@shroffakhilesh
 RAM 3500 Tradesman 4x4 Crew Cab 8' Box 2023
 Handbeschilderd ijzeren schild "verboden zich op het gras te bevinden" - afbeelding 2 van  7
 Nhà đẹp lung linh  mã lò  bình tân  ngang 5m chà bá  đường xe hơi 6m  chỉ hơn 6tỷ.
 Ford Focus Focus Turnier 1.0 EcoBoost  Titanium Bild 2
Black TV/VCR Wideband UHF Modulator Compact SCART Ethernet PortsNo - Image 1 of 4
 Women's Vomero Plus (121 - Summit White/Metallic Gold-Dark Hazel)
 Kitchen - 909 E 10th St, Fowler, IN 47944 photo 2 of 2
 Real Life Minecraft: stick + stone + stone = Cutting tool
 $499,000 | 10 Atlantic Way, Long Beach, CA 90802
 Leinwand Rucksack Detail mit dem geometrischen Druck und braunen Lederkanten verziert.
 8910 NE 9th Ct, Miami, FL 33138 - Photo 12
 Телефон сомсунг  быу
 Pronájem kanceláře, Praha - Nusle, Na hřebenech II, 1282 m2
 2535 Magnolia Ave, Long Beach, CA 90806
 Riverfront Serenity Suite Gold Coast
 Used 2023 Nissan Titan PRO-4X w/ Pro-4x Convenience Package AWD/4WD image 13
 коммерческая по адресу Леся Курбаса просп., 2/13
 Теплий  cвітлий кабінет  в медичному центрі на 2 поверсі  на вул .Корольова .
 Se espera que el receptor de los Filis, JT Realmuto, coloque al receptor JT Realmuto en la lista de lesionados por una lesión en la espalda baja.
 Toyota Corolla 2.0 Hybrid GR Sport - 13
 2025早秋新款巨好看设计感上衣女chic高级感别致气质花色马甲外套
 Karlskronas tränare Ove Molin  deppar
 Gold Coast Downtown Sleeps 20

══════

▶ _WHAT THIS TASK INVOLVES_: Taking the entries above, write out exactly the lines starting with the line containing "Leinwand Rucksack Detail" and going on through the line containing "вул .Корольова .", both included, and nothing else.

▶ _EXERCISE OUTPUT_:
 Leinwand Rucksack Detail mit dem geometrischen Druck und braunen Lederkanten verziert.
 8910 NE 9th Ct, Miami, FL 33138 - Photo 12
 Телефон сомсунг  быу
 Pronájem kanceláře, Praha - Nusle, Na hřebenech II, 1282 m2
 2535 Magnolia Ave, Long Beach, CA 90806
 Riverfront Serenity Suite Gold Coast
 Used 2023 Nissan Titan PRO-4X w/ Pro-4x Convenience Package AWD/4WD image 13
 коммерческая по адресу Леся Курбаса просп., 2/13
 Теплий  cвітлий кабінет  в медичному центрі на 2 поверсі  на вул .Корольова .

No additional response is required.